— Your instructions —
Please retype the data below line for line and leave out every picture.

— Recorded information —

• • •

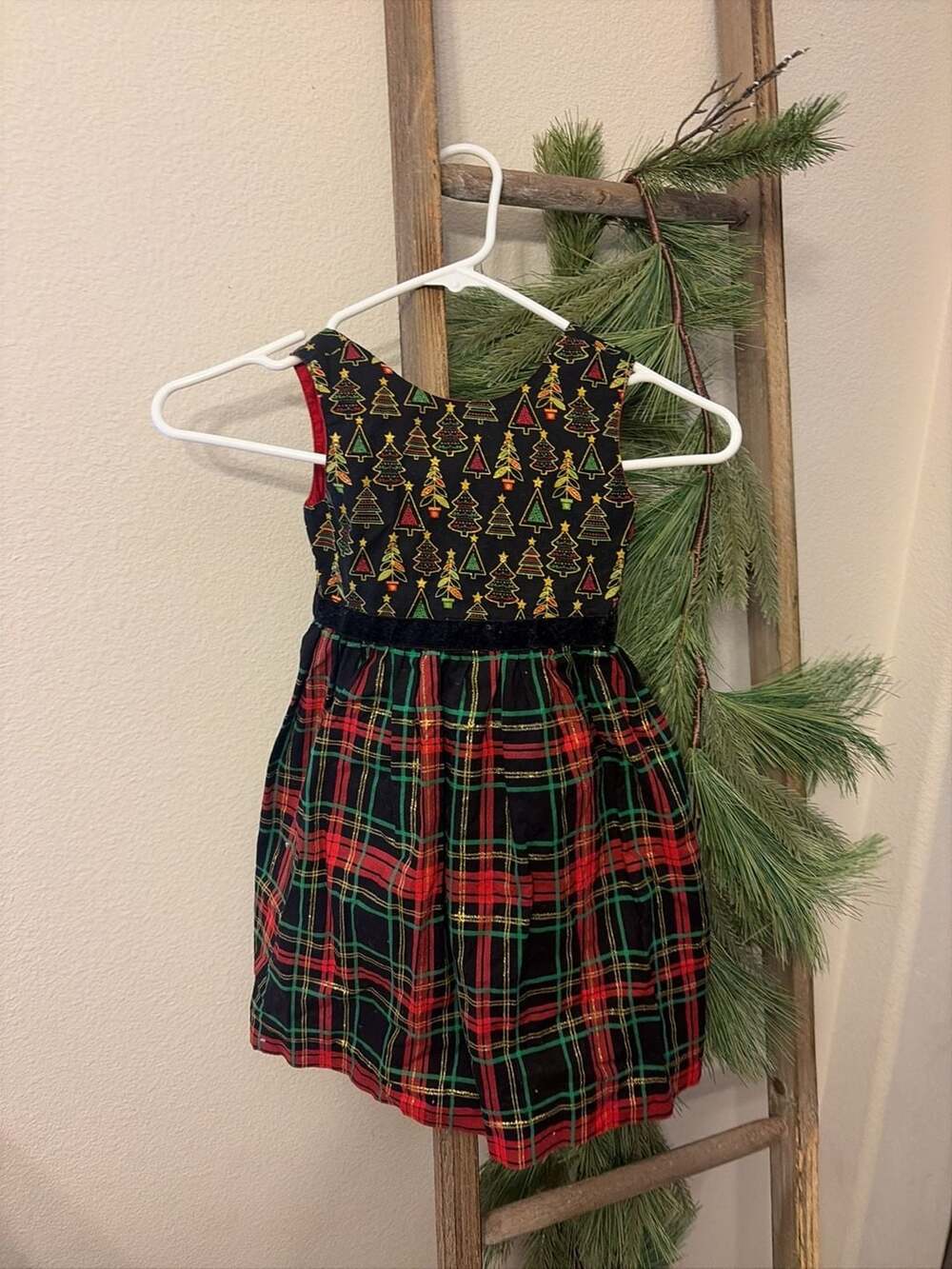 Girls Christmas Holiday Plaid and Tree Print Dress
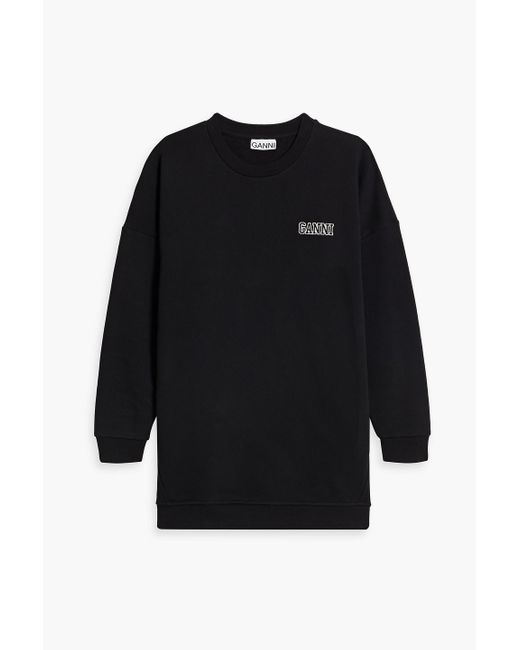 Ganni Black Oversized Embroidered Cotton-blend Fleece Sweatshirt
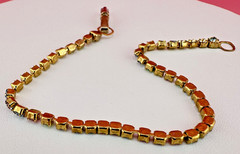 Vintage Rhinestone Bracelet Pastel Multi Color Gold Tone Tennis Cup Chain 6.75″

• • •

— Response to the exercise —
 Girls Christmas Holiday Plaid and Tree Print Dress
 Ganni Black Oversized Embroidered Cotton-blend Fleece Sweatshirt
 Vintage Rhinestone Bracelet Pastel Multi Color Gold Tone Tennis Cup Chain 6.75″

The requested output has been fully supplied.